Pero lo que realmente sorprende de la propuesta es la dimensión telúrica de la experiencia, generada por una armónica aleación entre el lenguaje fílmico y la densidad generada por sus articulaciones formales. La cámara registra casi siempre a distancia el deambular de los protagonistas mientras estos se funden casi literalmente con una naturaleza que les absorbe y que terminará por incorporarlos, tanto a los animales como a los hombres, como materia orgánica para el mantenimiento de los ciclos vitales de su ancestral territorio. Entre medias, el relato se toma sus pausas para intercalar algunas de las fotografías que iba tomando el protagonista a fin de identificar etnográficamente el discurrir de la expedición, idea que parte, según nos indican los títulos de crédito al comienzo, de las primeras fotografías que se hicieron en la tierra de Islandia.
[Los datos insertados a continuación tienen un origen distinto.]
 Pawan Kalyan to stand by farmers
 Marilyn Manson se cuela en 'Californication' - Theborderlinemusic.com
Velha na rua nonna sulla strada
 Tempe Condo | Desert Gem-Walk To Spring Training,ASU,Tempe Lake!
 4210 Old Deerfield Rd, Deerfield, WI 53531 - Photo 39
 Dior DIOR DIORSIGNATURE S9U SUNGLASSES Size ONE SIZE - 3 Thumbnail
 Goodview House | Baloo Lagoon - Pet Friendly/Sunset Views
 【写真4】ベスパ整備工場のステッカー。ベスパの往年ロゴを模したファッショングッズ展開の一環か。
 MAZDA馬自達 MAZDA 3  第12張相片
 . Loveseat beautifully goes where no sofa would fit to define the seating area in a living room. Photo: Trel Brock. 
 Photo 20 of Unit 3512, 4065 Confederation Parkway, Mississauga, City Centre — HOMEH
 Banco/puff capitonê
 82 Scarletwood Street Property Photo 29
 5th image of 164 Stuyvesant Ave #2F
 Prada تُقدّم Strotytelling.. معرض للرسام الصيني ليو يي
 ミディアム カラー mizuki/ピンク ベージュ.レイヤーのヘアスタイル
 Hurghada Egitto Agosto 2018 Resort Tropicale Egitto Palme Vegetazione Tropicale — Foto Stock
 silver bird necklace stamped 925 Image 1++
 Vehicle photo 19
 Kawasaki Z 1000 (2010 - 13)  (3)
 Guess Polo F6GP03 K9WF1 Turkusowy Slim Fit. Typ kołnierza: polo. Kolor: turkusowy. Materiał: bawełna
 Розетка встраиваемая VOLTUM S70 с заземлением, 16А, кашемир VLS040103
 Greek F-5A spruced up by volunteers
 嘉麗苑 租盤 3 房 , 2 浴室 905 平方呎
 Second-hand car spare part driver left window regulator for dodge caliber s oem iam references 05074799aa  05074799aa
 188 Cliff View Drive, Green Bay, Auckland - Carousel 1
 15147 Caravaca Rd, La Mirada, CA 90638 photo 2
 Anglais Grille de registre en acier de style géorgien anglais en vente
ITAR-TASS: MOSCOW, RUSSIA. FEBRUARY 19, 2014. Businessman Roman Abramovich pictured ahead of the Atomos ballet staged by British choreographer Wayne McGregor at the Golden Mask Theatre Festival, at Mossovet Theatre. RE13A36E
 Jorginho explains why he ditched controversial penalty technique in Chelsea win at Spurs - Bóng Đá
La trastienda más oscura de la fe protestante, los miedos más atávicos enquistados en una tierra todavía salvaje en la que los colonizadores imponen su ley y la búsqueda de un registro científico en paralelo a la búsqueda religiosa van dando forma, en la dimensión temática, a un film que podría emparentarse con las tragedias existenciales escandinavas (de Dies Irae a Rompiendo las olas, ambas danesas, claro está), pero que afirma con contundencia, y con extremado, admirable rigor, una personalidad estética, narrativa y formal claramente diferenciada para entregar el primer gran hallazgo, la primera gran sorpresa del festival. Volveremos sobre ella con más amplitud.